In this design, every data point is visible, and contributes to the running count along the x-axis. The marks themselves are bars, and size is varied by their height. I investigated the visualization with circles, but this caused spacing issues, which meant that the x-axis would not be able to be used as a running count indicator.
A color scheme was chosen that could be distinguished among easily from each other, without any one color being too vibrant or saturated, to reduce the effect of color pop. This follows the color rules and perceptual principles.
Everything is flat (no 3D) in order to keep the Lie ratio down, and to prevent distortions of data. Data-to-ink ratio was maximized by excluding unnecessary elements like borders or overly-detailed axes, or other decorations. Scales are presented, and are linearly spaced and start at the lowest possible values to avoid distortion.
The background is simple and white for the data-bearing elements, in order to maximize readability and contrast.
The interaction design process involved laying out the interface elements in Fireworks and overlaying example data points. Multiple graphics were generated to indicate states with linking / roll-overs and rest states, which were then exported to PDF. You can view the various interaction "slides" as frames within the Fireworks PNG.
Part 3: Interact With Your Classmates (40 points)
Open visualization
The interaction shows some interesting results about the data:
There is a strong relationship between programming experience and programming comfort: As experience increases (we go down the Y-Axis), the sizes of the bars increase in general (comfort).

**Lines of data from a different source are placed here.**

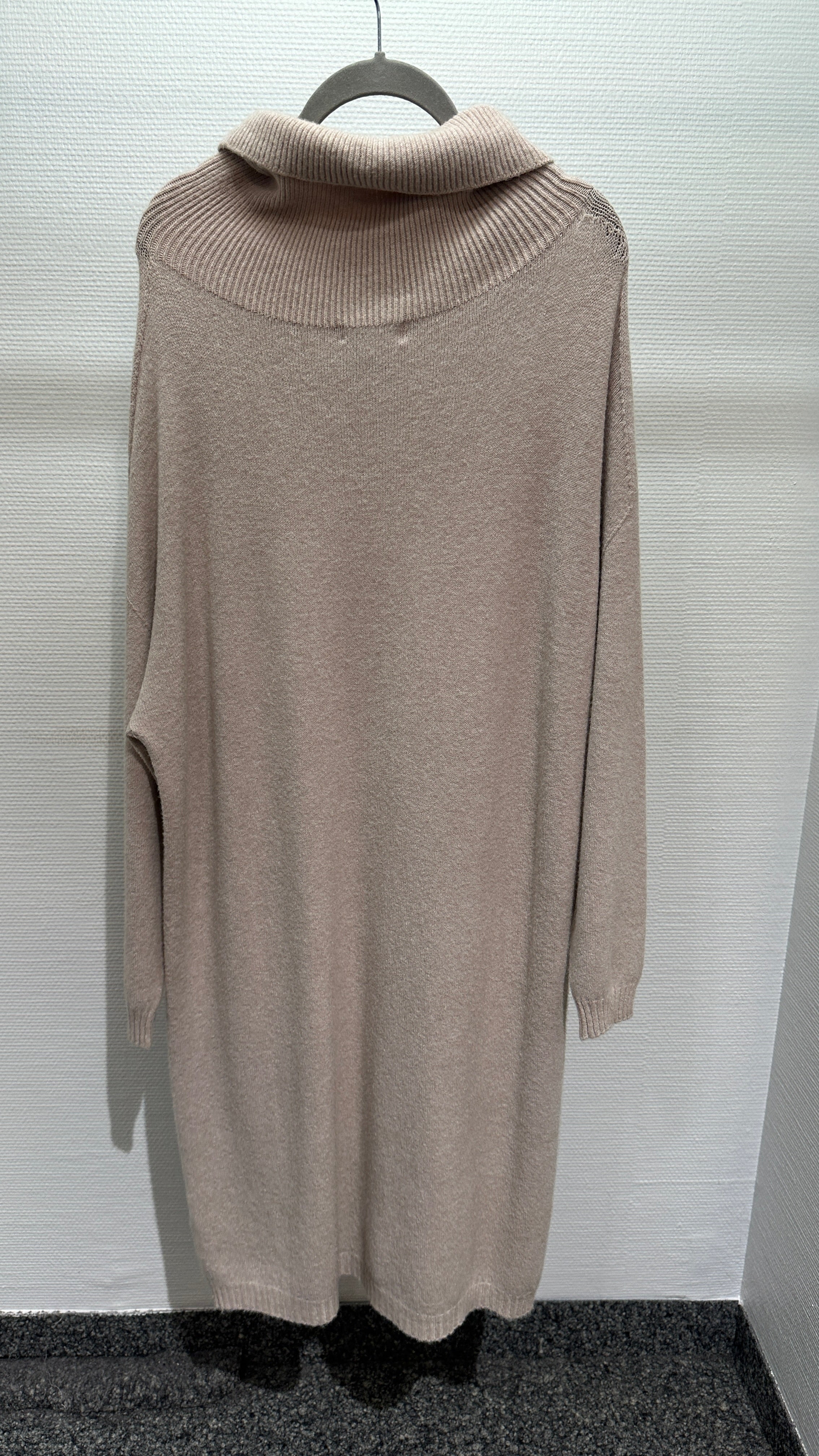 Kleid Strick V Milano creme/beige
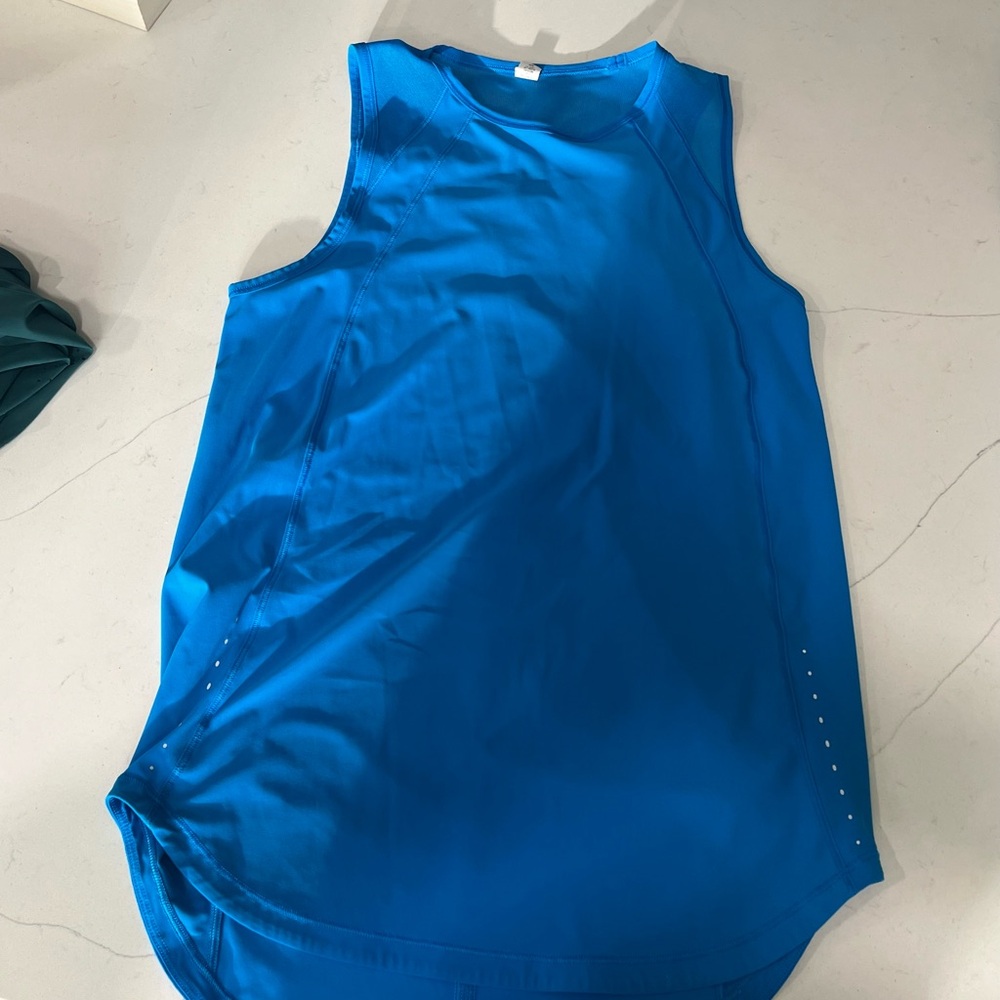 Lululemon workout tank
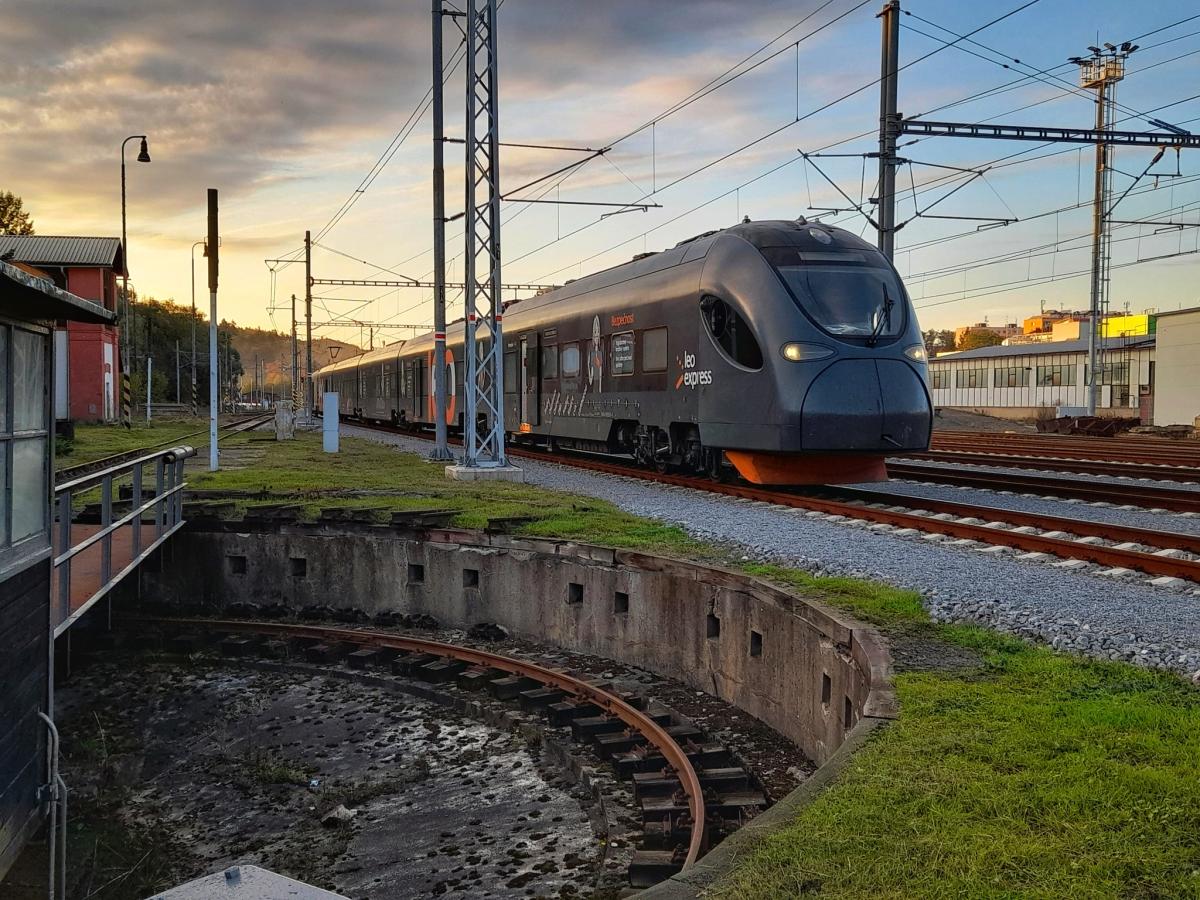 Na nádraží Letohrad/Kyšperk přijela včera v podvečer nová moderní vlaková jednotka nové řady 665 od Leo expressu!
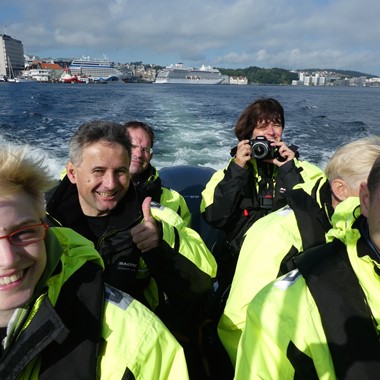 Aktivitäten in Stavanger - ein schöner Tag auf einer RIB-Bootsfahrt zum Preikestolen von Stavanger, Norwegen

Also, we can see that Java, Ruby, C#, and C++ are used almost exclusively by experienced and more comfortable programmers (rolling-over the Java entry in the legend shows this clearly), while SQL and BASIC are used exclusively by less experienced programmers. PHP, HTML / CSS, and C were used by programmers of all experiences and comfort levels, although there is an interesting rise from "under 6 months" to "1-3 years," and then a sharp drop in usage at "over 3 years" for C.
I was able to implement the additional feature of dynamically sorting the responses according to comfort level, or grouping responses using the same programming language together, selectable by clicking two buttons in the lower-right corner.
The final colors are actually the same colors as from Part 1, Question 5 (Tableau), since they had a very pleasing and distinguishable color set. ColorBrewer yielded a color set with a very hard to see "yellow."